A balance transfer is when you open a new credit card and transfer your existing credit card balance to the new card. Many credit card companies offer 0% interest from anywhere from 6 to 18 months for a balance transfer.
With the 0% interest, you have the chance to pay down your credit card debt much more quickly, with none of your money going toward interest.
To learn more, visit my guide on paying off credit card debt with a balance transfer.
Another alternative to debt consolidation is to use a secured loan. The benefit of this is that secured loans generally have lower interest rates, meaning you’ll save even more money.
Secured loans available for debt consolidation are usually those that use your home as collateral. Options include home equity loans, home equity lines of credit (HELOCs), and cash-out refinances.
Of course, these options have a clear disadvantage: you’re using your home as collateral. If you fail to make your monthly payments, you could lose your home. I would think carefully before using your home equity to pay off debt, and only do it if you feel confident you’ll be able to make the monthly payments.
DEBT SNOWBALL OR DEBT AVALANCHE
You’re probably familiar with debt payoff methods like the debt snowball and debt avalanche. While the two have some differences, each is designed to help you prioritize and pay off multiple debts.
Using the debt snowball, you prioritize your smallest debt.

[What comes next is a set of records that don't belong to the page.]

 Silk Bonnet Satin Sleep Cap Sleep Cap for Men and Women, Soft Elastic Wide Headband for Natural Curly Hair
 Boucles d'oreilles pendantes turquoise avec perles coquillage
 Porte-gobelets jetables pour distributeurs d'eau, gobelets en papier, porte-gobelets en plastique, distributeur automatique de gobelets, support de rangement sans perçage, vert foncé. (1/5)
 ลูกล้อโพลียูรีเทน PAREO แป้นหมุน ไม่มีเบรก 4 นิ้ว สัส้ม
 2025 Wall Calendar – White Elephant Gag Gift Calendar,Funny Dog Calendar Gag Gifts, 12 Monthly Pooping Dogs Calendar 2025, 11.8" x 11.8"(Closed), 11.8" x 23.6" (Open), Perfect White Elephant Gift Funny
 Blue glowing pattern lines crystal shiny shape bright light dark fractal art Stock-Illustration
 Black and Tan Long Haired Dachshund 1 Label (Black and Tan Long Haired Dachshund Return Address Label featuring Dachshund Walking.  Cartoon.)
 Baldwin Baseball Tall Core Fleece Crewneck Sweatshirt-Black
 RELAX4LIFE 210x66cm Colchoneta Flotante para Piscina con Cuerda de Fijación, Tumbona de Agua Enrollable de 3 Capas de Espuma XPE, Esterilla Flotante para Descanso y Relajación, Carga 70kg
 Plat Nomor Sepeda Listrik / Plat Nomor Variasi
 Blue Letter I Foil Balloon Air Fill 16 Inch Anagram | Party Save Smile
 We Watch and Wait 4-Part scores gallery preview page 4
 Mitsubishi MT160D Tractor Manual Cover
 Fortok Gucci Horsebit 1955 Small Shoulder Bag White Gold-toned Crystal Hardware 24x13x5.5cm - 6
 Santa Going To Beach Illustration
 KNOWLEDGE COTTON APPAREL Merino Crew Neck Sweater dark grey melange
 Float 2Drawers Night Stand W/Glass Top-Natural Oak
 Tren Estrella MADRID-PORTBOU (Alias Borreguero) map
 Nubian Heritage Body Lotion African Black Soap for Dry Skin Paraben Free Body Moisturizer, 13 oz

Using the debt avalanche, you prioritize the debt with the highest interest rate.
Using one of these strategies may result in you paying a bit more in interest since you aren’t trading in your high credit card interest rates for a lower loan interest rate. However, they can still help you tackle your debt. And you may be motivated to pay it off more quickly.
When is debt consolidation a good idea?
Depending on your situation, a debt consolidation loan might be the right option to help you pay off your credit card debt. Here are a few situations where it’s probably a good idea:
- You have too much debt for a balance transfer
- Your credit score doesn’t make you eligible for a good balance transfer offer
- You know you wouldn’t be able to pay off your debt during the 0% interest promotional period on a balance transfer card
- It’s going to take you a long time to pay off the debt
As with any financial decision, it’s important to consider your unique circumstances when deciding if a debt consolidation loan is for you. For some people, it’s the perfect solution. But other people might be better served with an alternative.